Model framework and methodology

The problem

Actors in political and social networks do not behave independently. When a state initiates conflict with a particular target, that action may reshape how other states behave toward the same or related targets in subsequent periods. Alliance partners may follow suit, rivals may escalate, and third parties may recalibrate their own strategies in response. These dynamics generate higher-order dependencies across the network that standard regression approaches cannot capture. The fundamental challenge is not merely that observations are correlated, but that the structure of influence itself is substantively meaningful: understanding who influences whom, and through what channels, is often the central question.

Traditional latent variable models for networks describe the overall structure of interactions, positioning actors in a social space based on transitivity or stochastic equivalence. However, while these models can effectively characterize broad network patterns, they frequently fall short in providing detailed explanations for the specific influence that actors exert on one another. The factors driving influence are left unexplored, attributed to latent dimensions rather than to the observable actor-level and dyad-level covariates that substantive theories emphasize. To address this limitation, the Social Influence Regression (SIR) model regresses influence patterns directly on observable covariates. The model operates on longitudinal network data (a time series of $n \times n$ relational matrices) and estimates how past interactions across the network predict current outcomes as a function of covariates such as alliances, trade ties, and geographic proximity.

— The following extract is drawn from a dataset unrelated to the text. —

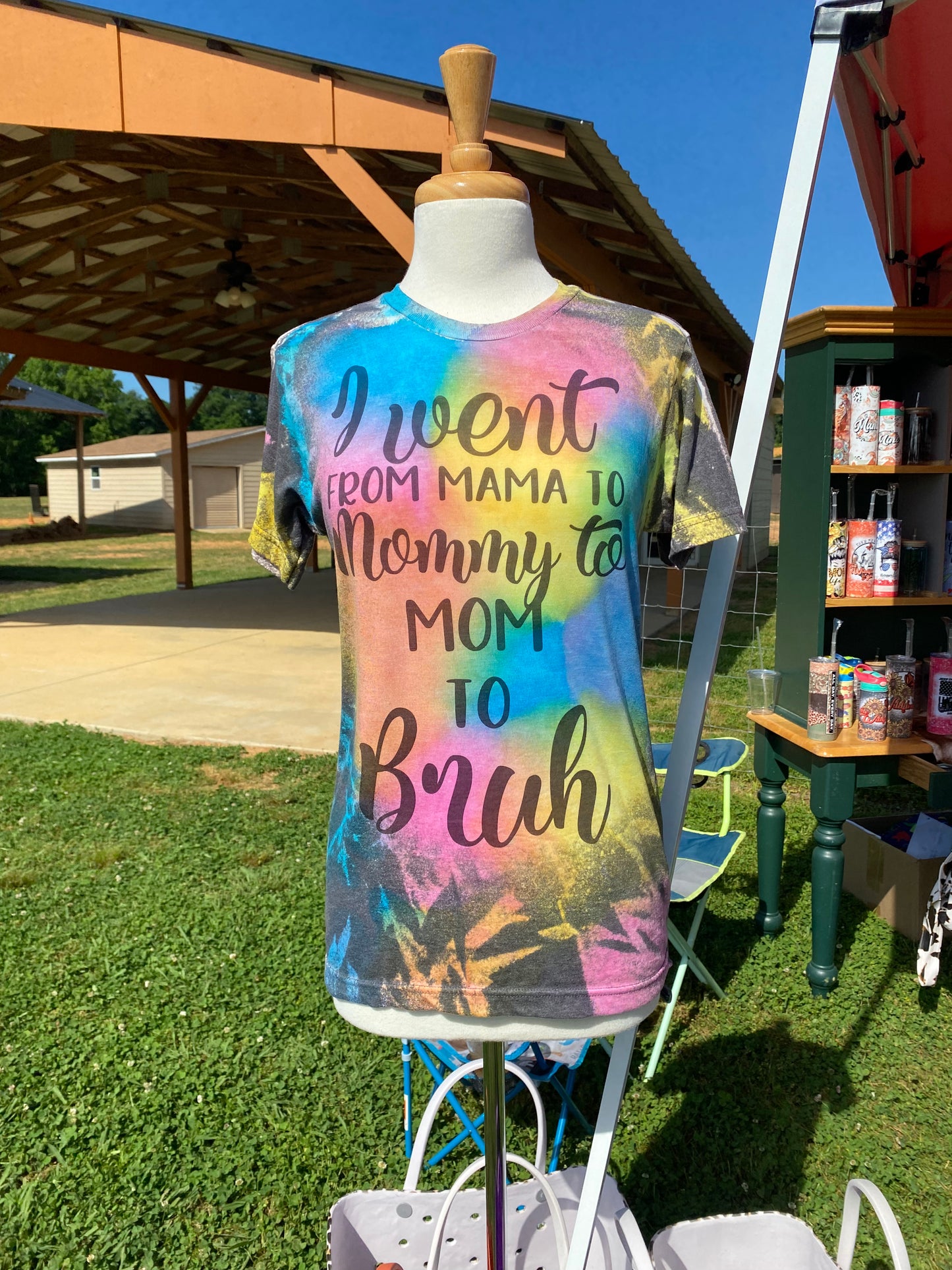 I went from Mama to Mommy To Mom to Bruh reverse tie dye Tee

The methodological framework is introduced in:

Minhas, S. & Hoff, P.D. (2025). Decomposing Network Dynamics: Social Influence Regression. Political Analysis.

Model specification

Let $Y = \{Y_t : t = 1, \ldots, T\}$ be a time series of $n \times n$ relational matrices, where $y_{i,j,t}$ represents the directed outcome from node $i$ to node $j$ at time $t$ . The SIR model specifies:

$\mu_{i,j,t} = \boldsymbol{\theta}^\top \mathbf{z}_{i,j,t} + \boldsymbol{\alpha}^\top \tilde{X}_{i,j,t} \boldsymbol{\beta}$

The first term is a standard regression: $\mathbf{z}_{i,j,t}$ collects exogenous covariates for dyad $(i,j)$ at time $t$ (geographic distance, alliance status, trade flows), and $\boldsymbol{\theta}$ gives their direct effects on the outcome. The second term is where the model departs from standard approaches. The quantity $\tilde{X}_{i,j,t}$ is constructed from the lagged network state interacted with influence covariates $\mathbf{W}$ , and the bilinear form $\boldsymbol{\alpha}^\top \tilde{X}_{i,j,t} \boldsymbol{\beta}$ allows each dyad’s outcome to depend on the entire prior network, weighted by sender ( $\boldsymbol{\alpha}$ ) and receiver ( $\boldsymbol{\beta}$ ) influence parameters. This structure is what allows the model to capture third-order dependencies: how one actor’s past behavior toward a third party predicts another actor’s current behavior.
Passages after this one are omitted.